Het Wasvrouwtje zit met het gezicht naar de straat, het wasgoed in haar hand. De vijver waarin ze zich spiegelt en de was doet, wordt gevuld met water van bron De Oorsprong dat uit de stuwwal is afgeleid en door een groen uitgeslagen houten waterrad wordt verplaatst. Het ontwerp van dit watermolenrad is ontleend aan een pentekening van rond 1820, gemaakt door Daniël Kerkhoff. Peter Arts is de maker van het huidige waterrad dat onlosmakelijk is verbonden met de bezigheden van Het Wasvrouwtje.

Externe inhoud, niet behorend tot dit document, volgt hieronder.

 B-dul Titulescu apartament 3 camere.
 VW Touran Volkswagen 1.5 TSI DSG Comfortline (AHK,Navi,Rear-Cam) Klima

De watermolen zelf werd gebouwd in 1669 om koren te malen maar stond er rond 1900 al niet meer. In het molenaarshuis werd later logement Westerbeek ingericht. Halverwege de negentiende eeuw is op deze plek hotel De Oorsprong verrezen. Daar konden gasten terecht tot 1967, toen is dit markante gebouw afgebroken. Het romantische beeld dat nu in het Beekse parkje te zien is, maskeert nogal de zware inspanningen die wasvrouwen zich destijds moesten getroosten tegen weinig loon.

Het duurde tot 1999 voordat De Wasvrouw ‘gezelschap’ kreeg van een collega: De Bleekster die 350 meter verderop is neergezet. Ook dit beeld is ontworpen en gemaakt door Jan Schoenmakers; het staat op de hoek van de Nieuwe Holleweg en de Rijksstraatweg, tegenover hotel-café-restaurant ’t Spijker. Deze bronzen vrouw heeft een volle wasmand in de hand en is onderweg naar de bleekvelden.

Vroeger hadden mensen namelijk geen wasmiddel dat ‘witter dan wit’ waste. Daardoor verdwenen niet alle vlekken met alleen water en zeep. Daarom bleekten de mensen hun wasgoed. Al voor de Middeleeuwen bestonden er speciale blekerijen voor ‘natuurbleek’. Wasgoed werd op grasvelden rond de blekerij uitgespreid. Arbeiders hielden het wasgoed vochtig.

Het wasgoed bleekte automatisch door inwerking van de zuurstof die vrijkomt uit de ozon in de lucht tussen het wasgoed en het gras. Door de overmaat aan zuurstof verbrandde het restvuil dat nog aanwezig was in het wasgoed. Vanaf 1850 gebruikten mensen blauwsel, beter bekend als het ‘zakje blauw’. Door het blauwsel lijkt witte kleding witter. Het is namelijk optisch wit dat reflecteert met het daglicht. Tegenwoordig zit bleekmiddel en optisch wit in het waspoeder verwerkt.

Het water van de spuitende fontein achter De Bleekster komt uit de Elsbeek. Deze beek zorgde samen met de Oorsprong voor de aandrijving van de al eerder genoemde watermolen en kwam samen in de Waterstraat, waar verschillende wasserijen gevestigd waren.